Il ferme la bouche et me fixe. Ses yeux parcourent rapidement mon visage. Il regarde rapidement vers le sol, ses mains maintenant serrées en poings sur ses cuisses et un grondement bas commence dans sa poitrine. Il lève les yeux vers moi et ses yeux commencent à clignoter faiblement en or, puis reviennent au vert. Son loup doit surgir pour une raison quelconque, et je commence à paniquer. Je ramène mes jambes et me recule autant que possible dans le lit. Il lève les yeux vers moi et son expression est un mélange de rage et de tristesse. « C'est bon, petite louve. Tu ne fais rien de mal, ni ne pourrais. J'ai juste du mal à comprendre que tu aies été dans ce cachot si longtemps. Mon loup n'est pas content en ce moment. Je pense que je dois sortir un moment et te laisser te reposer. Je sais que c'est beaucoup pour toi et tu as fait un excellent travail.
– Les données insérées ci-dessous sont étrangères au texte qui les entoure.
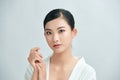 Youthful bright skin pretty Asian woman with hand touching face on white background for beauty concepts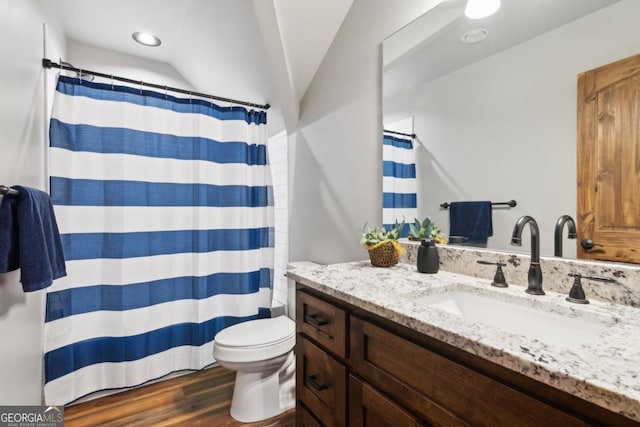 bathroom with curtained shower, toilet, wood finished floors, vanity, and vaulted ceiling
Je vais demander à Eric de revenir ici et de parler avec toi. Peut-être qu'il pourra te donner de la vraie nourriture aujourd'hui, mais tu devrais te reposer. Je reviendrai plus tard pour continuer cette conversation, je te le promets. D'accord ? »

Je hoche rapidement la tête en signe d'affirmation et il suit avec « Bonne fille » et sort de ma chambre. L'ai-je mis en colère ? Je sais qu'il a dit que non, mais je ne peux pas lui faire confiance. Peut-être que je n'aurais rien dû lui dire. Et s'il pense que je suis trop abîmée pour rester ici ? Trop de travail. Peut-être devrais-je commencer à penser à comment sortir d'ici. Je tire les couvertures sur mon épaule et fixe le coin. J'entends les pensées comme si elles criaient en moi,

« Tu es une marchandise endommagée. » « Ils ne veulent pas t'aider ; ils veulent que tu partes. » Je ferme les yeux et laisse échapper un souffle tremblant. Peut-être que je dois sortir d'ici.